◆ Task description
For this exercise, output the entries below exactly from the line that holds "Kit 12 Caixa" to the line that holds "Religion Serene Tunic", both ends included. No pictures belong in the copy.

◆ Given records

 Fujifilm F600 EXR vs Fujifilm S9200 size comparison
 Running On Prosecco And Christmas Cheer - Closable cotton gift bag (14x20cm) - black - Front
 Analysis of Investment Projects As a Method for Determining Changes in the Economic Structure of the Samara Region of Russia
--
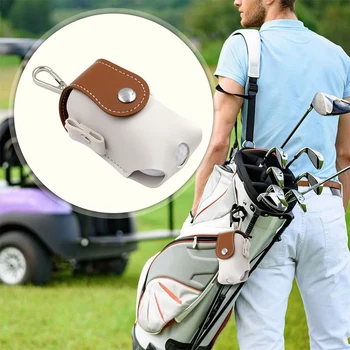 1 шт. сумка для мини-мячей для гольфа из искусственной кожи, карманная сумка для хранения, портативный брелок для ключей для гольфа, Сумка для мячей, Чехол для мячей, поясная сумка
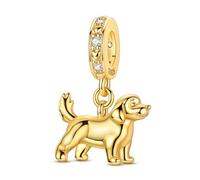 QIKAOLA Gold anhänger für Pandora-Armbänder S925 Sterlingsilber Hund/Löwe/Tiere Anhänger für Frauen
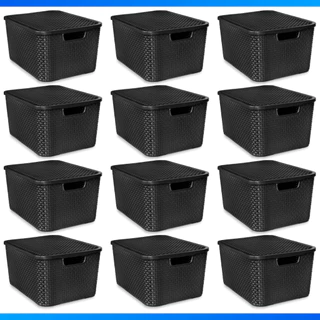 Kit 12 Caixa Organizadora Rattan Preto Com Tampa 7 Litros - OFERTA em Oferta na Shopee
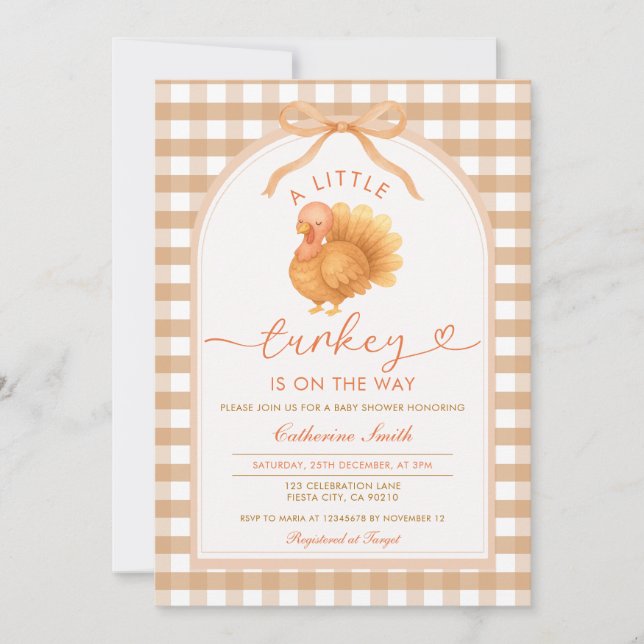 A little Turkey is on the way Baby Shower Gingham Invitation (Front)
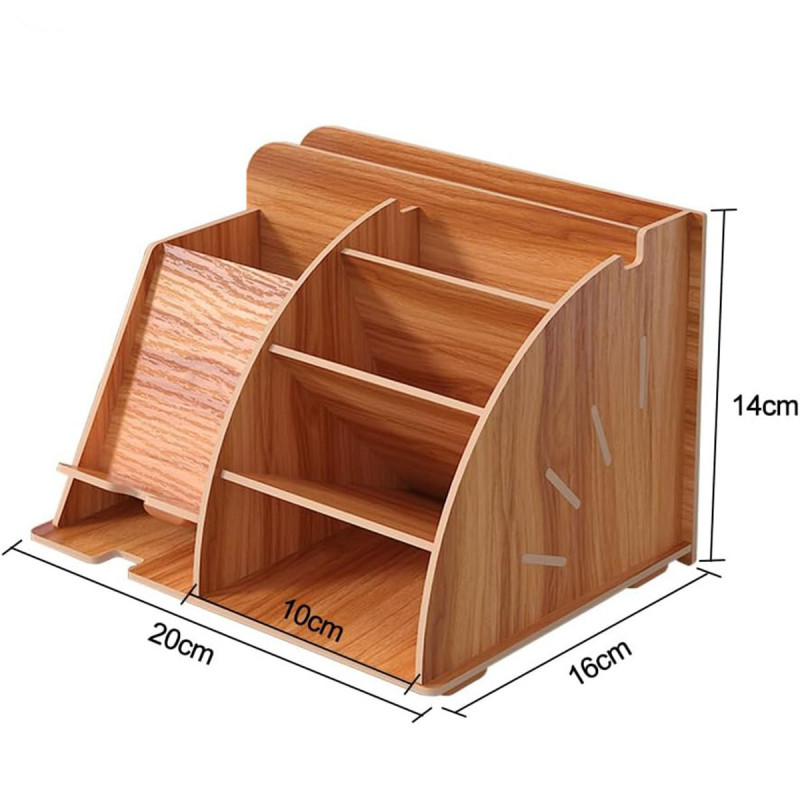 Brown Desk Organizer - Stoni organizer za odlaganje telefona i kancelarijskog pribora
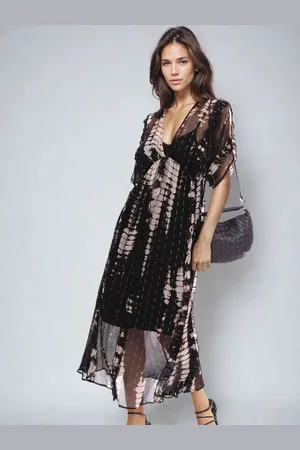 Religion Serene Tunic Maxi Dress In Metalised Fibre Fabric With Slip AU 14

◆ Answer for the task
 Kit 12 Caixa Organizadora Rattan Preto Com Tampa 7 Litros - OFERTA em Oferta na Shopee
 A little Turkey is on the way Baby Shower Gingham Invitation (Front)
 Brown Desk Organizer - Stoni organizer za odlaganje telefona i kancelarijskog pribora
 Religion Serene Tunic Maxi Dress In Metalised Fibre Fabric With Slip AU 14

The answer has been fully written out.